Restrictions for lock coarsening?

Sun Jan 4 18:39:08 PST 2009

Hi Clemens,

As Dave correctly recalled, locks are not hoisted out of a loop, so that 
kind of coarsening does not occur. Hence your benchmark will not 
experience any lock coarsening.

See callNode.cpp 1378:

Node *LockNode::Ideal(PhaseGVN *phase, bool can_reshape) {

for the code that does the lock elision/coarsening.

Cheers,
David Holmes

Clemens Eisserer said the following on 01/05/09 09:09:
> Hi Dave,
> 
> Thanks again for taking the time to anwer my neverending locking questions ;)
> 
>> Locks and monitors have precisely the same semantics with respect to the
>> java memory model.
> Glad to hear that :)
> 
>> Coarsening is a bit tricky.   IIRC we only coarsen abutting or nearly
>> abutting critical sections under the same lock but I don't think we'll hoist
>> the critical section outside of a loop.   Coarsening is, for the most part,
>> an optimization that attempts to avoid CAS / lock:cmpxchg which have a
>> _local latency penalty.   In addition it gives the JIT more latitude in the
>> fact of the memory model (we can avoid spilling variables back to memory
>> with larger critical sections).   That having been said,  you don't really
>> want to coarsen critical sections if there's contention.  (Recall that we
>> can capture code that's _not part of a critical section inside a coarsened
>> section, thus artificially lengthening the critical section).   Ideally we'd
>> have runtime feedback and decoarsen contended critical sections but that's
>> not implemented as of today, so instead the mechanism is fairly
>> conservative.
> Well, my benchmark does execute the method in question in a loop,
> there's only one monitor in action and the benchmark is
> single-threaded so there is no contention.
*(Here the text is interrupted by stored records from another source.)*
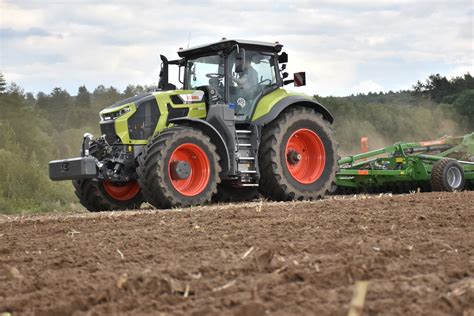 Zdjęcie ciągnika Claas Axion 9 CMATIC podczas pracy z ciężkim sprzętem
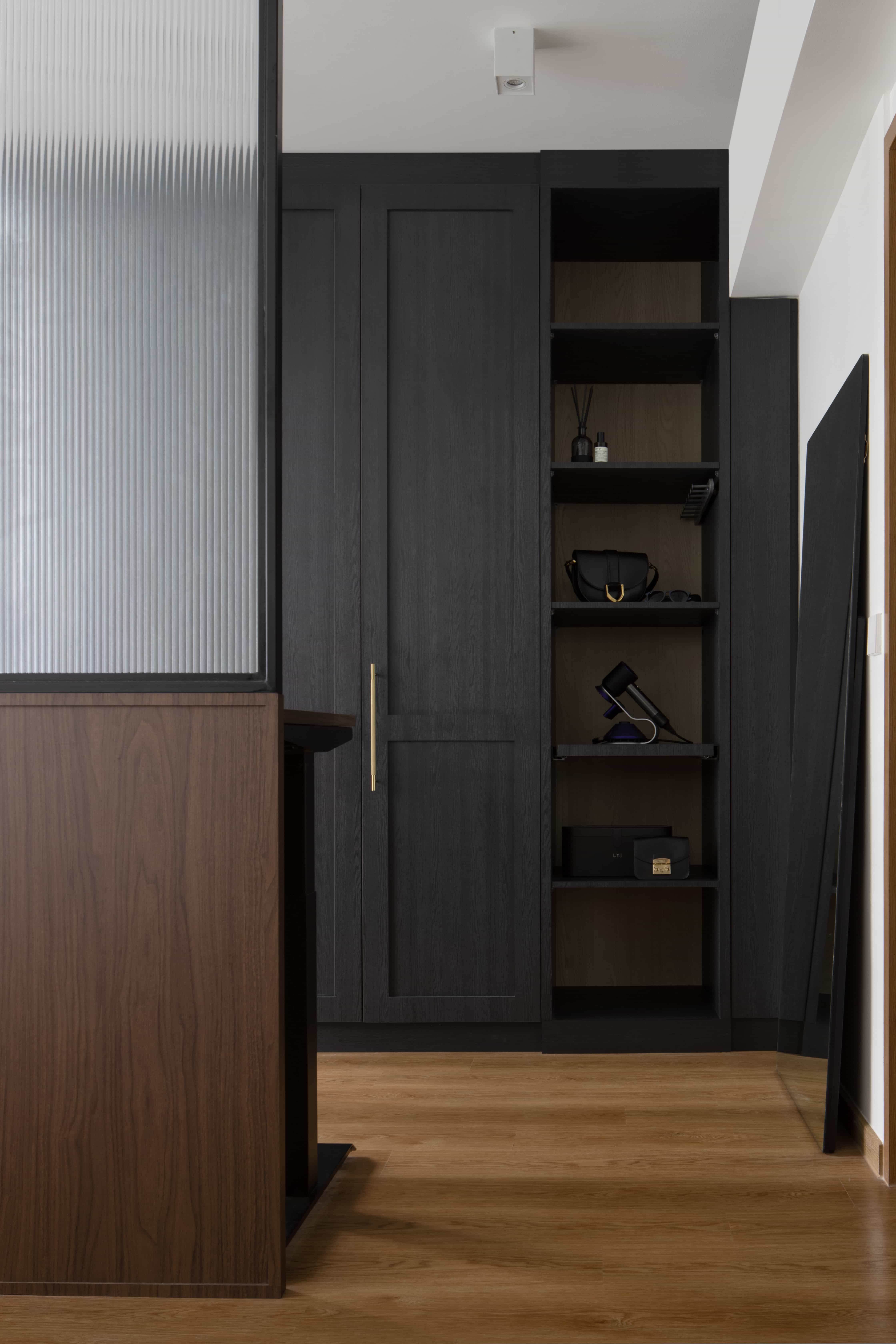 Dark wood wardrobe with open shelves displaying accessories in a stylish room.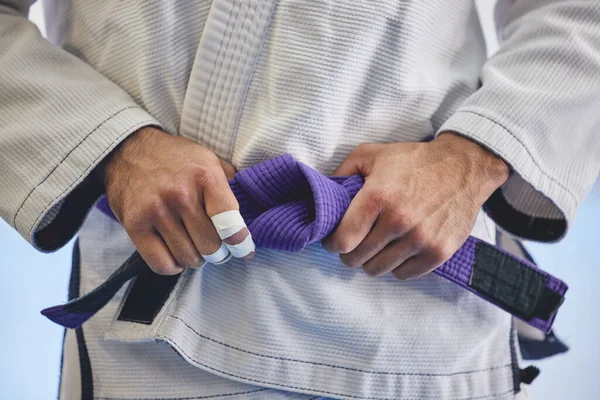 C'est un professionnel chevronné. Plan recadré d'un homme méconnaissable attachant une ceinture violette autour de sa taille alors qu'il était en plein jiu jitsu gi. — Photo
Could it be that coarsening
> does not occur because the synchronized method is too large or has too
> complex control flow (if/else, maybe even loops)? Or maybe coarening
> is limited to non-OSR compilation?
> 
> In reallity there won't be contention for almost all of the use-cases,
> but the api is specified to be thread-safe and therefor there is no
> way arround synchronization. The reason why I am interested in
> coarsening is, that CAS means quite a lot of local latency - on my
> Core2Duo 50% of the total time is spent in locking. I guess the
> problem will vanish with better CAS implementations ;)
> 
> Thanks again, Clemens